A Few Questions about DeLillo's Point Omega
Fri Mar 5, 2010
I just read this, and I have to admit that I resent its price. Moving past that minor objection, I have read a few of the reviews (FT, CSM, McGrath piece in NYT), and I would have liked for them to have tackled what seems to me be an important question about the book–i.e., what happens to Jessica. They chose spoiler avoidance, which is understandable, but I have no such compunction. Jessie is Richard Elster’s daughter. Elster is a former Pentagon consultant and intellectual architect of “reality-based community”-like ideas, who’s become, in his Spenglerian declining phase, a Teilhardian. Hence, “Point Omega.” Jim Finley wants to do a Fog of War on him. Jessie meets our anonymous narrator for two sections during a screening of Douglas Gordon’s 24-hour Psycho. These two sections begin and the end the book, while the rest takes place in a desert retreat where Finley tries to persuade Elster to participate in the film.

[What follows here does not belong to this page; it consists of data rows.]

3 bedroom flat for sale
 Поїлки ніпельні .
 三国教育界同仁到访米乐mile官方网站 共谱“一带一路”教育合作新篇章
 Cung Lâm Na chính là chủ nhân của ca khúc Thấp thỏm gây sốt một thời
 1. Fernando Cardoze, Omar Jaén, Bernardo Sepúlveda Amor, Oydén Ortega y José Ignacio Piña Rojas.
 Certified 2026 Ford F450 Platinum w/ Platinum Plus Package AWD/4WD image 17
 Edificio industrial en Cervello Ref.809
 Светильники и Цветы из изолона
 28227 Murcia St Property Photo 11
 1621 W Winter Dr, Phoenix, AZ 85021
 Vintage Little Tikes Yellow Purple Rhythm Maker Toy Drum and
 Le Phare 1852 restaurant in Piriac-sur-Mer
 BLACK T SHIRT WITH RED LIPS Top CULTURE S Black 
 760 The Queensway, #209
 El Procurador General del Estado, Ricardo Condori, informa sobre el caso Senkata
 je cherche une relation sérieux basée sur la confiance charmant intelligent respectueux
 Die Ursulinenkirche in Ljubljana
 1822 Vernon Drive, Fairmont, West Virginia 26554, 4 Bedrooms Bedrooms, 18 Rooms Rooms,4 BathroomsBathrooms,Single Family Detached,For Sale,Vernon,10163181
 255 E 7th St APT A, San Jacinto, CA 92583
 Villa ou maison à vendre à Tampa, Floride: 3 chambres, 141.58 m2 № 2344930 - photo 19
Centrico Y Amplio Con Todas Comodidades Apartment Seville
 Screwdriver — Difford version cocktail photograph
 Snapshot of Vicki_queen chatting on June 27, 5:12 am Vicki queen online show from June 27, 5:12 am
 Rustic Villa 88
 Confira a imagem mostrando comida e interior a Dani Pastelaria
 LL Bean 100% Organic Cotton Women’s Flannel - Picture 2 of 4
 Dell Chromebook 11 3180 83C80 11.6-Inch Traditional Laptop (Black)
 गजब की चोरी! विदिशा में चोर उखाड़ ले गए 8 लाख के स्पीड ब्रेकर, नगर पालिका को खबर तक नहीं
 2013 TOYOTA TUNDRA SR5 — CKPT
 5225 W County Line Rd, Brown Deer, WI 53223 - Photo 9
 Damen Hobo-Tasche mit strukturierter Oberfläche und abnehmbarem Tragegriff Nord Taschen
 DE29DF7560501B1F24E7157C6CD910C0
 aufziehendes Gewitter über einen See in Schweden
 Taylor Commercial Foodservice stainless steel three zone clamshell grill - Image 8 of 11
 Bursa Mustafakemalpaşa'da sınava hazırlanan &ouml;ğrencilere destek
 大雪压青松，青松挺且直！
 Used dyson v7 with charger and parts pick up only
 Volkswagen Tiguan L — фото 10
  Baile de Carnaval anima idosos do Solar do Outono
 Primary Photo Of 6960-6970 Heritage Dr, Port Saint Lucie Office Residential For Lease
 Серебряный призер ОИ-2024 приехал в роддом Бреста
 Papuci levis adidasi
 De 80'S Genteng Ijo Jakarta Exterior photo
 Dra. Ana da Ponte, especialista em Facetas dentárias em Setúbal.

Jessie, who’s been getting calls from the shy film buff, who’s apparently too shy to say anything on the phone, which causes the mother to send her to the desert. She stays with her father and Finley for a few weeks, then disappears one day, never to be seen again. A knife is found in a ravine, but its status is ambiguous. Finley suspects the “boyfriend,” but the narrative leaves little clear evidence, at least that I noticed on a single read, about what happens.
Jessie has some type of mental disturbance, the nature of which is not precisely described. DeLillo’s intention seemed clearest to me when he describes an academic article on the subject of renditions, apparently written in a Straussian manner, that Elster had written early in the course of the Gulf War. (The paper may have lead to his invitation from the Pentagon.) Here’s what I think is an important paragraph:
Toward the end of the commentary he wrote about select current meanings of the word rendition—interpretation, translation, performance. Within those walls, somewhere, in seclusion, a drama is being enacted, old as human memory, he wrote, actors naked, chained, blindfolded, other actors with props of intimidation, the renderers, nameless and masked, dressed in black, and what ensues, he wrote, is a revenge play that reflects the mass will and interprets the shadowy need of an entire nation, ours. (34)
Elster’s ideas about emerging consciousness, thought as an organism, are closely related to his sense of guilt. Or at least this seems to be Finley’s interpretation. So the disappearance into the desert of his daughter is either a wished-for punishment or retribution brought into being by an emergent order, or an act consciously carried out by Finley, for example, who appoints himself agent of these processes. That our anonymous narrator has traveled to the desert to recreate, in his small way, a scene from the slowed film strikes me as implausible. But I would need to read this again to decide for sure.